Fear in Writing: Wishfully on this Wednesday

Today in Literary History

Today in Literary History...December 14, 1907: Rudyard Kipling receives the Nobel prize for literature, the first English-language writer to do so.ud

Wednesday, October 21, 2009

Wishfully on this Wednesday

Amidst sickness and mess, cold mornings and warm afternoons, exuberant pillow fights and weeping tantrums I find myself longing for other worlds. So I sit in one of two faded leather chairs in my master sitting area and stare out the window. The white blinds slash across the view, cutting the branches and the sunlight into shards. The teal drapes fall darkly from ceiling to floor. They guard half of each window from my sight. I'm missing half of something, I know it.

And that's the way I feel, like I'm missing something. It's just beyond my grasp, but where? Beyond the curtains? Beyond the window? Beyond the walls of another house? Or just beyond the pages of a book?

I wish for...
A book that can transport me to another time, but in a romantic way...

A book that can make me feel...

Something joyless...

Something classic, macabre and masterful...


  1. Books are wonderful. If you want to be transported away, I recommend Diana Gabaldon's "Outlander"; an epic tale set in 18th century Scotland.
    I envy your master seating area.


  2. You're not the first to mention that one this week...Might just make it onto my Friday Finds! Thank you, Elspeth.
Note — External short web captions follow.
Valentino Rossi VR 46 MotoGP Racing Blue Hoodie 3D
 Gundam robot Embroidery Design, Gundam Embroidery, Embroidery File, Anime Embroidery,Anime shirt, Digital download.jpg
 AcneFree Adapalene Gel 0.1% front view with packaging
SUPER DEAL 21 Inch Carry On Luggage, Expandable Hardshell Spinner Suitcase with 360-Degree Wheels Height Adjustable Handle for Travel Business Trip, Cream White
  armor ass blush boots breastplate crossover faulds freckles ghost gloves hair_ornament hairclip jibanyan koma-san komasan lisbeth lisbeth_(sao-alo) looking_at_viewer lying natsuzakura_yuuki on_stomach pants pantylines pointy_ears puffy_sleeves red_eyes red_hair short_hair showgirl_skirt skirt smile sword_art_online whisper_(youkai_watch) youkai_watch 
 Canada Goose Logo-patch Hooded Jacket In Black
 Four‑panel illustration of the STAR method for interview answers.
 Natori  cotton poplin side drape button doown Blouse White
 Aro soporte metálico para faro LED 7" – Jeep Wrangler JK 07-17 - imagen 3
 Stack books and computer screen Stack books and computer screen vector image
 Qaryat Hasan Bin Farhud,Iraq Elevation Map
  3. I know what you mean! Tough this week, is going to fast for my taste... to much to do, not enough time. I liked the book covers you posted, but if you want a journey to a different land and time, you must check out Gabriel Garcia Marquez's "One hundred years of solitude". It's a thing of beauty.

    Oh, and I LOVED your comment on my post :) and you are right, it MUST be about the women. Surely this will find it's way into one of my future books. There is no place for it in current MS.

  4. I'd be curious to know more about your current MS. If you don't want to post on here, email me at micheleemrath@ymail.com. I was fascinated by that post and see so much potential in it! And for those of you wondering what we're talking about, here's the link: http://jmdiazfiction.blogspot.com/2009/10/veteran-bosoms-galore.html. You can, of course, scroll down for my comment on the post.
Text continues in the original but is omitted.